File Storage in Azure Databricks: Volumes, DBFS, /tmp/, External Locations, and Where Your Files Actually Live

You created a file in your Databricks notebook using open("/tmp/test.csv", "w"). It worked. You restarted the cluster. The file is gone. You tried open("/Volumes/workspace/default/myvol/test.csv", "a") and got Illegal seek. You tried dbutils.fs.rm("file:/tmp/test.csv") and got LocalFilesystemAccessDeniedException.

Welcome to the confusing world of Databricks file storage — where /tmp/, /dbfs/, /Volumes/, dbfs:/, abfss://, and file:/ all look similar but behave completely differently.

This post clears up every file path, storage location, and access method in Databricks.

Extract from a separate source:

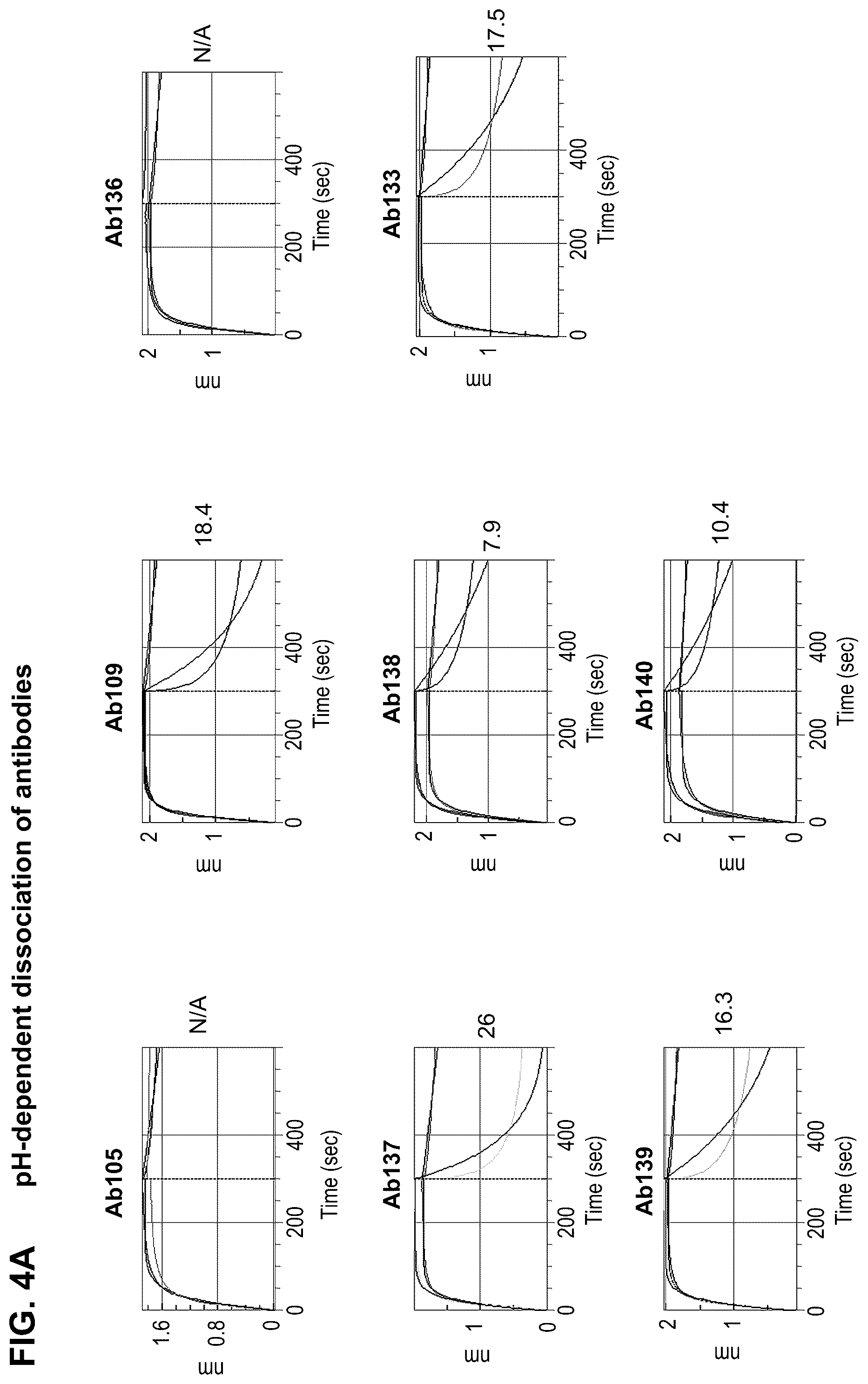 Patent US12338279 Figure 5 – Selective and potent inhibitory antibodies of myostatin activation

By the end, you will know exactly where to put files, how to access them, and which path prefix to use in which context.

Think of Databricks file storage like a building with multiple rooms. /tmp/ is a temporary locker that gets emptied every night (cluster restart). DBFS is a shared storage room that persists. Volumes are labeled filing cabinets organized by catalog and schema. External Locations are doors that open to your own warehouse next door (ADLS Gen2). Each room has its own key (path prefix) — use the wrong key and the door does not open.

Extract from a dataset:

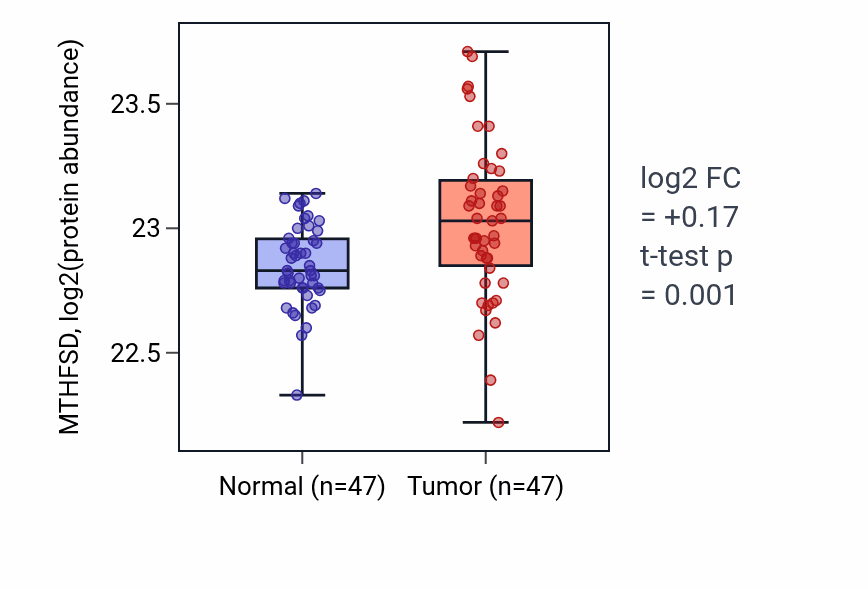 Tumor-vs-normal mass-spec protein box plot for MTHFSD in LUAD.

The Five Storage Locations in Databricks
/tmp/ — Driver-Local Temporary Storage
DBFS — Databricks File System
Unity Catalog Volumes — The Modern Way
External Locations — Your Own ADLS Gen2
The Workspace FileStore
The Path Prefix Cheat Sheet
Creating and Reading Files in Each Location
Managed Volumes vs External Volumes
Creating a Volume (Step by Step)
The Append Mode Bug (Illegal Seek)
Python open() vs dbutils.fs vs spark.read
Uploading Files via UI
Which Storage for Which Use Case
Common Errors and Fixes
Interview Questions
Wrapping Up

The Five Storage Locations in Databricks

Location	Path	Persists?	Visible in UI?	Best For
/tmp/	`/tmp/file.csv`	No (lost on restart)	No	Quick scratch files
DBFS	`dbfs:/FileStore/file.csv`	Yes	Data tab (DBFS)	Legacy file storage
Volumes	`/Volumes/catalog/schema/vol/file.csv`	Yes	Catalog Explorer	Modern file storage
External Location	`abfss://container@account.dfs.core.windows.net/`	Yes (your storage)	No (browse in Azure)	Production data lake
Workspace FileStore	`/FileStore/file.csv`	Yes	No (access via URL)	Small files, images for notebooks

/tmp/ — Driver-Local Temporary Storage

What It Is

/tmp/ is the local filesystem of the driver VM — the actual machine running your notebook. It is NOT distributed, NOT shared between nodes, and NOT persistent.

# Write a file to /tmp/
with open("/tmp/quick_test.csv", "w") as f:
    f.write("id,name
1,Naveen
2,Shrey
")

# Read it back
with open("/tmp/quick_test.csv", "r") as f:
    print(f.read())

The Catch

Cluster starts → /tmp/ is empty
You create /tmp/test.csv → file exists
Cluster restarts → /tmp/test.csv is GONE

When to Use

Quick one-off tests
Temporary intermediate files during a notebook run
Never for anything you need to keep

When NOT to Use

Storing data between runs
Sharing files with other notebooks
Anything production

Real-life analogy: /tmp/ is a whiteboard in a meeting room. Write whatever you need during the meeting. The janitor erases it overnight. It is never meant for permanent notes.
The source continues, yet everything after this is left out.